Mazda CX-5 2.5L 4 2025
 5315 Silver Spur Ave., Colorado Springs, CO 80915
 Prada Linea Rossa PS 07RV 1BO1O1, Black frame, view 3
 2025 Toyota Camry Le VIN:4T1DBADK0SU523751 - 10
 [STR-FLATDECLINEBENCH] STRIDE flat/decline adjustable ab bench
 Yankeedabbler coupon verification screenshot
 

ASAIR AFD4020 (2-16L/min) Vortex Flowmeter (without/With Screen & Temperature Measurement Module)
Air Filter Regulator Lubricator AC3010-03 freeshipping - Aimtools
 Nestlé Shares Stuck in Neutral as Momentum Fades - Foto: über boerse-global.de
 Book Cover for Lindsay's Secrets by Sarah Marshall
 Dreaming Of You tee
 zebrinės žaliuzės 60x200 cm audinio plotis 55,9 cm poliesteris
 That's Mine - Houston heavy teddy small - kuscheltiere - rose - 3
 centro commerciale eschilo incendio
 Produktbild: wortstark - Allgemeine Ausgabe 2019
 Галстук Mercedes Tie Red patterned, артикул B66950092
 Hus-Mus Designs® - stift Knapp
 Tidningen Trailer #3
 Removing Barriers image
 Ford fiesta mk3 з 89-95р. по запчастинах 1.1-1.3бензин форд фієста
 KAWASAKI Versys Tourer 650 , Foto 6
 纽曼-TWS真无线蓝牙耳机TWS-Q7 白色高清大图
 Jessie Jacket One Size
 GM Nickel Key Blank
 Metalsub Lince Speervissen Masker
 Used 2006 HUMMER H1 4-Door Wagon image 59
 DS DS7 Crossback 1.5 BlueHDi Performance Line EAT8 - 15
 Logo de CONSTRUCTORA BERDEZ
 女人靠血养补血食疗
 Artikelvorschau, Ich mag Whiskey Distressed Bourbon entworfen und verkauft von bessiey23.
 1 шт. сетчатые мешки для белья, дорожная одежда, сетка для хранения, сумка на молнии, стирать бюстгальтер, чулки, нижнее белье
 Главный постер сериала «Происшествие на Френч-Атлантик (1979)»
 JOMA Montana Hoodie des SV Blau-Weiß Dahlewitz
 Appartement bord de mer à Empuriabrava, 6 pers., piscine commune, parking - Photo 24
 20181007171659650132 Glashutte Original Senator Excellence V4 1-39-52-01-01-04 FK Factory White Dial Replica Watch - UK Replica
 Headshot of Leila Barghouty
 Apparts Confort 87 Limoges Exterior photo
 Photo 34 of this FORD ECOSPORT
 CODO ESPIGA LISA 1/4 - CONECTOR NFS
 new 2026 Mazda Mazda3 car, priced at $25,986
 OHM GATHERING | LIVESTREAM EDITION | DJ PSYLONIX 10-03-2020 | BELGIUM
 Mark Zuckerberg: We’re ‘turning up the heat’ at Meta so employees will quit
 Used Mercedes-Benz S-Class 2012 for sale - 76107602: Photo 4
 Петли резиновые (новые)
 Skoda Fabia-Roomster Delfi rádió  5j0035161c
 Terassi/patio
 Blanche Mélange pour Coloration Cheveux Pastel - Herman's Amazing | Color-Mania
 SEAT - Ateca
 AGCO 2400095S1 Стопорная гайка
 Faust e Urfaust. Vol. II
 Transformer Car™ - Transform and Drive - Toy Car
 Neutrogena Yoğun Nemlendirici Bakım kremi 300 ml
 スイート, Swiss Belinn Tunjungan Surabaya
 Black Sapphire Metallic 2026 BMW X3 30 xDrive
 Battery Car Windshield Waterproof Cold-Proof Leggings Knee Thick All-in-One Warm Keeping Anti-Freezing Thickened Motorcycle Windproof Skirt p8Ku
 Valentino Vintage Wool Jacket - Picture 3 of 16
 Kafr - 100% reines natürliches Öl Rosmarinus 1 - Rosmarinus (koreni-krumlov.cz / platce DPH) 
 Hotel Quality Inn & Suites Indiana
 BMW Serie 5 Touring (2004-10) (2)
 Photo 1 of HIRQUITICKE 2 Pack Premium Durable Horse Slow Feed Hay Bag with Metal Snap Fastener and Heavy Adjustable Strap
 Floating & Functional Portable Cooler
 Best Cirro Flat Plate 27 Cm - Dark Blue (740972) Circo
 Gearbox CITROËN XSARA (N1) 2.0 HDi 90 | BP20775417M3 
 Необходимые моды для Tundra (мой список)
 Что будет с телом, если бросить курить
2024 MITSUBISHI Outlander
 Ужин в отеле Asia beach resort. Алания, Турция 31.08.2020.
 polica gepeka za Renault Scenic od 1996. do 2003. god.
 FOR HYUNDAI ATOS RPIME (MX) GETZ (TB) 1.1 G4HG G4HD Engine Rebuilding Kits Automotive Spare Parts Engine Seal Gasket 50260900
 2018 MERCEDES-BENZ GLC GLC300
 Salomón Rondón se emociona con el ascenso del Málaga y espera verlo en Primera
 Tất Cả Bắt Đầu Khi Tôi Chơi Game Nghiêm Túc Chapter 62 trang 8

[Work request]:
Lines with "image" in the records above: copy every one of them.

[Completed task]:
 Removing Barriers image
 Used 2006 HUMMER H1 4-Door Wagon image 59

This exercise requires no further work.